*** Begin section ***

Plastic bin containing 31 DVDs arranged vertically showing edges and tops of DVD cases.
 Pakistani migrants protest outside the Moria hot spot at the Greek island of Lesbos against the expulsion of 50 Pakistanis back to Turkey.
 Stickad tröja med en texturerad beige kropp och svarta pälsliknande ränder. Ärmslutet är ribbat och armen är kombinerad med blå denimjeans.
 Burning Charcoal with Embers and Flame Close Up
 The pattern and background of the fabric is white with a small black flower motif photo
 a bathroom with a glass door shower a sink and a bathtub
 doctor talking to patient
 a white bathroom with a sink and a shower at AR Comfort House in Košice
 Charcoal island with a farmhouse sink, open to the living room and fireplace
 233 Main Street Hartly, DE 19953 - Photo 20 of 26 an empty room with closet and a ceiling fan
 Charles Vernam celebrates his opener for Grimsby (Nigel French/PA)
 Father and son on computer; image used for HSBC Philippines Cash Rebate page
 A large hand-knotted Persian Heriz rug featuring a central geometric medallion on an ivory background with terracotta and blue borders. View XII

*** End section ***

*PROBLEM TO WORK ON*. From the records above, transcribe exactly the run of lines that opens with the line holding "a white bathroom" and closes with the line holding "233 Main Street", both included.

*SOLUTION TO THIS PROBLEM*.
 a white bathroom with a sink and a shower at AR Comfort House in Košice
 Charcoal island with a farmhouse sink, open to the living room and fireplace
 233 Main Street Hartly, DE 19953 - Photo 20 of 26 an empty room with closet and a ceiling fan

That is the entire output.